The trouble with this trap is that beneficial bees would also be attracted to the dish and would meet a similar watery end.
5) PET bottle trap
Another suggestion is the PET bottle trap. A old soft drink bottle (with lid) needs to have some 8mm holes drilled about 100mm from the bottom, and then filled with a source of food — a little bit of cat food mixed with water should do the trick. Mix it into a paste and allow some to spill out of the holes so it evaporates and starts those wasp antennae twitching. Hang the trap from a tree with some string.
6) Flea treatment
Argentinean researchers found wasps were killed by fipronil, the active ingredient in some pet flea treatments. They dosed up a portion of minced beef with 0.1 per cent fipronil and laid it out for the wasps. Numbers crashed by nearly 90 per cent in the poisoned area. While the researchers declared success, they also cautioned that they did not yet know the affect of the flea treatment on other species — including birds — in the area.
7) Destroy the nest
Wasps don't travel very far from home to find food. Professor Austin suggests they may only fly as little as 100m from the nest. Once they've found food, they grab it and make a beeline back home with it. So it may be possible to discover their lair and become the hero of the neighbourhood.

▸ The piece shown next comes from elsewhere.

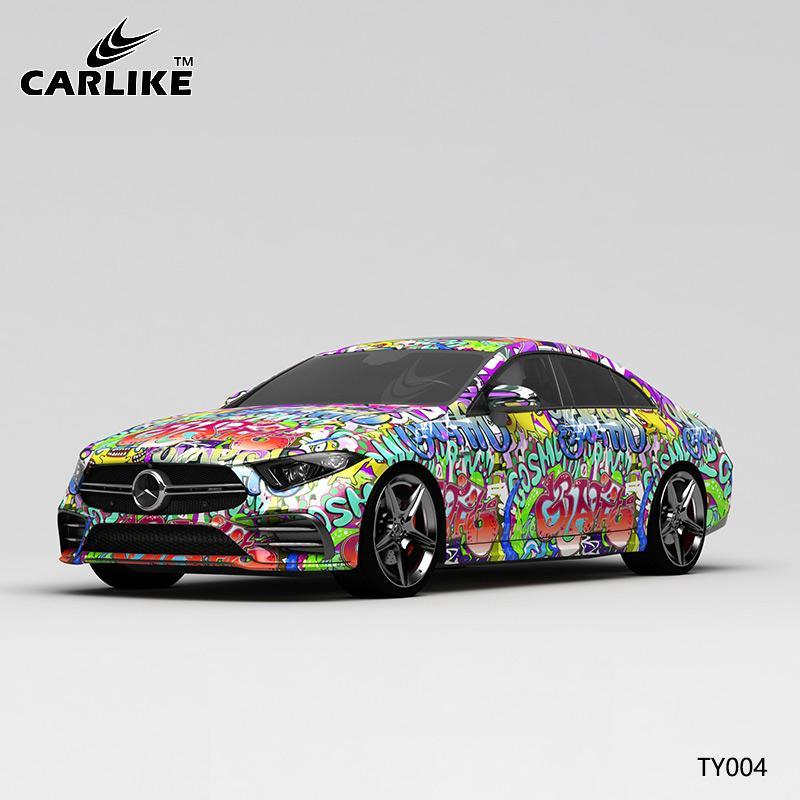 CARLIKE CL-TY004 Letter Painting High-precision Printing Customized Car Vinyl Wrap - CARLIKE WRAP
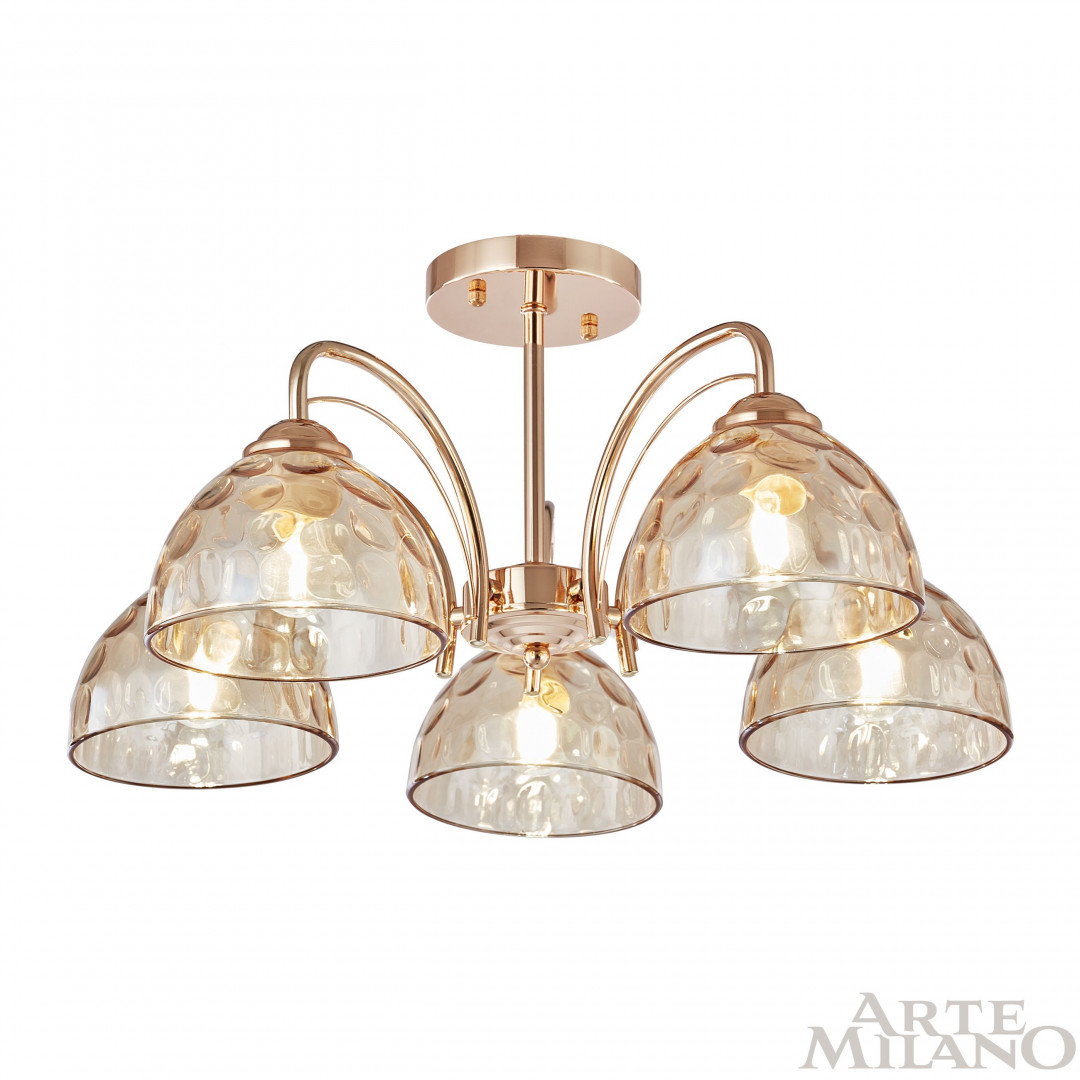 Люстра потолочная с плафонами 332366/5 FGD Arte Milano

"If you find a nest you can report it to the local council and they'll arrange for its destruction. And if you do that, it often solves the problem in the immediate area," says Professor Austin.
Their nest can be a burrow, or a ball of greyish papery material. They can also build nests inside walls or roofs of houses, entering through only a narrow passage. But be warned, wasps are very defensive of their home. Keep your distance.
Andrew Austin says it's unclear why there are so many wasps this year but he suspects weather may have something to do with it. This year was a mild summer with no scorching days that might have reduced the wasps' numbers.
He says that more research on the wasps would help to answer such questions but because they are not a significant agricultural pest, the funds have not been found.
"Most of the government agencies are focussed on doing research on agricultural pests which can cause huge amount of economic damage and so it's worthwhile spending the money. With urban pests like these, there's no group to fund the research."
He adds that the intermittent nature of wasp plagues doesn't help. "Incidental things like this that come and go several years apart are actually really difficult things to come to grips with both in terms of funding and who takes responsibility for them," he says.
Jason Wood, the federal member for the Victorian seat of La Trobe recently called for new funding for research into European wasps. He says several colleagues support his proposal to return some of the money previously cut from the CSIRO to fund wasp research.